Este texto foi escrito a convite da Dâmaris para ser publicado no blog que ela escreve, o Village Beauté. Achei que valia republicar aqui mesmo que o leitor antigo já tenha sido apresentado as marcas que falo.
Perfumaria de nicho é um termo que serve para falar de um modelo de negócio diferente da grande indústria da perfumaria, como Issey Miyake, Kenzo, Nina Ricci. Ao focar em uma fatia menor do mercado, num nicho, marcas como L’Artisan Parfumeur, Heeley, Diptyque, Frédéric Malle, entre muitas outras, podem fazer uma proposta mais surpreendente que se quisessem atingir milhões de consumidores.
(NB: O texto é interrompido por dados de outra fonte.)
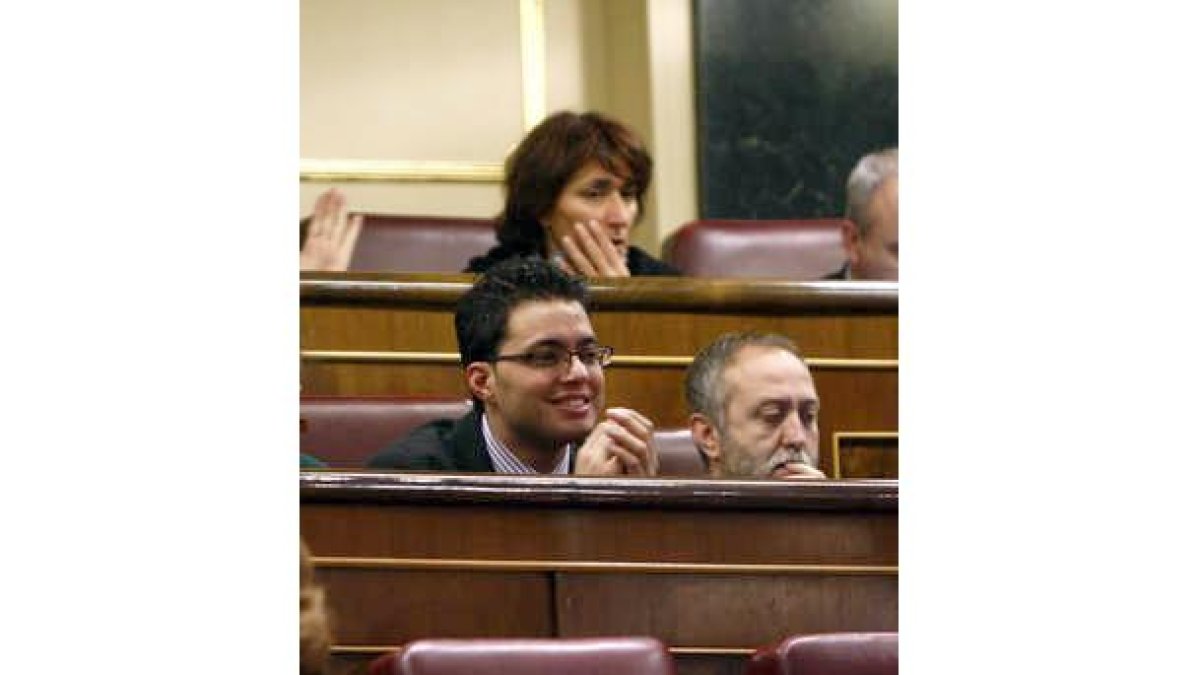Diego Moreno, en una foto en el Congreso.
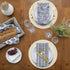 SHACOS Round Placemats Set of 6, Boho Braided Bordered Placemats 15 inch for Dining Tables, Wedding Holiday Party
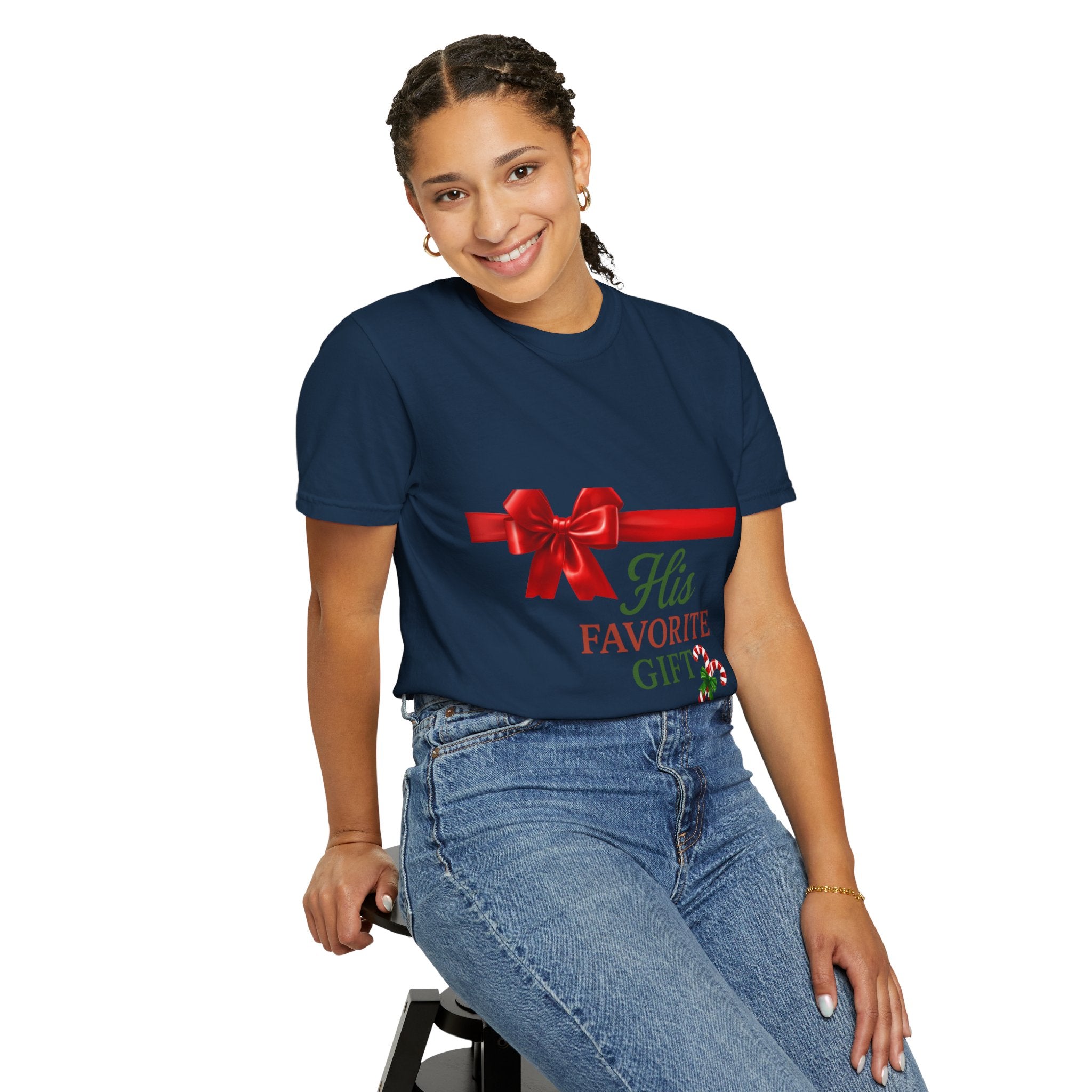 His Favorite Gift - Unisex Garment-Dyed T-shirt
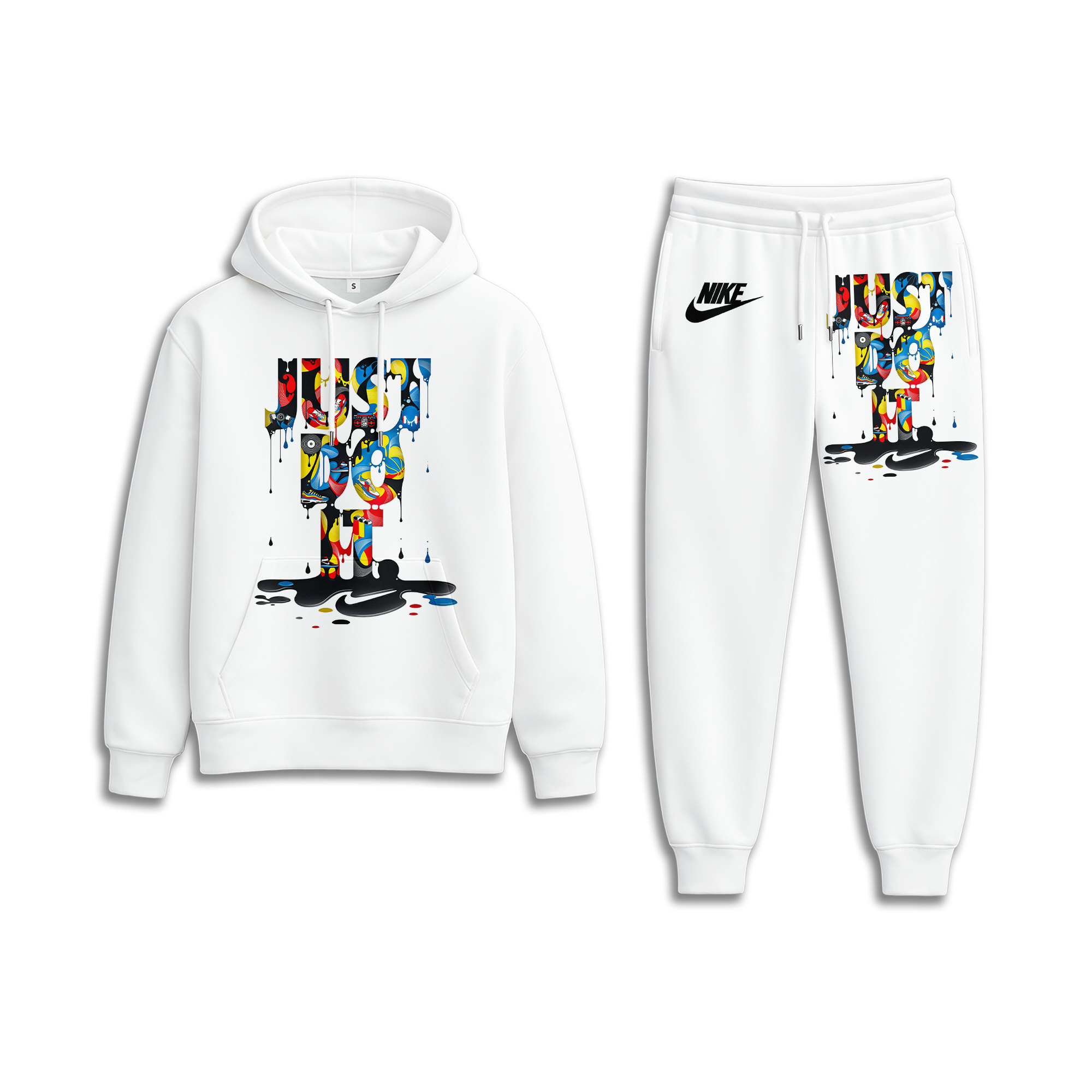 Just Do It -NIKE - Unisex Hoodie Joggers Set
Para agradar todo mundo é preciso nivelar por baixo, quem visita perfumarias com freqüência percebe que os lançamentos são todos meio parecidos.
Para atingir esse grupo menor não é preciso vender em todos os lugares mas nos lugares certos: talvez uma loja própria ou nem isso, algumas lojas de departamento selecionadas, lojas especializadas em perfumes de nicho e pronto. Ou seja, além de possibilidade criativa, estamos falando também de exclusividade: você vai ter um perfume que pouca gente tem, talvez ninguém tenha ouvido falar do Etat Libre d’Orange… Com exclusividade você atiça o desejo, gente como eu e você que fica meio louca atrás de alguém que tem aquele Serge Lutens que só se pode cheirar em UMA loja no mundo. Muitas casas não fazem propaganda, contam mais com o boca a boca e um bom conceito como divulgação. O Olfactive Studio, que falei semana passada, pede ao perfumista que crie a partir de uma foto e do nome que vai ser dado.
Economizando na distribuição e na propaganda vem o pulo do gato — sobra dinheiro para investir na fórmula do perfume, como matérias primas naturais de excelente qualidade e sintéticos de ponta. Isso garante que o resultado final vai ser bom? Não. Se você misturar chocolate belga com o melhor bacalhau da Noruega vai criar um desastre caro. Assim como existe perfume da grande indústria que é uma obra prima (Bulgari Black!), existe perfume de nicho ruim ou igual a todos os outros. Mas comparando com uma indústria que quer a fórmula mais barata com a maior venda possível (que é igual a muita propaganda, maior distribuição, ou seja, custos que vão cortar a fórmula), é uma vantagem.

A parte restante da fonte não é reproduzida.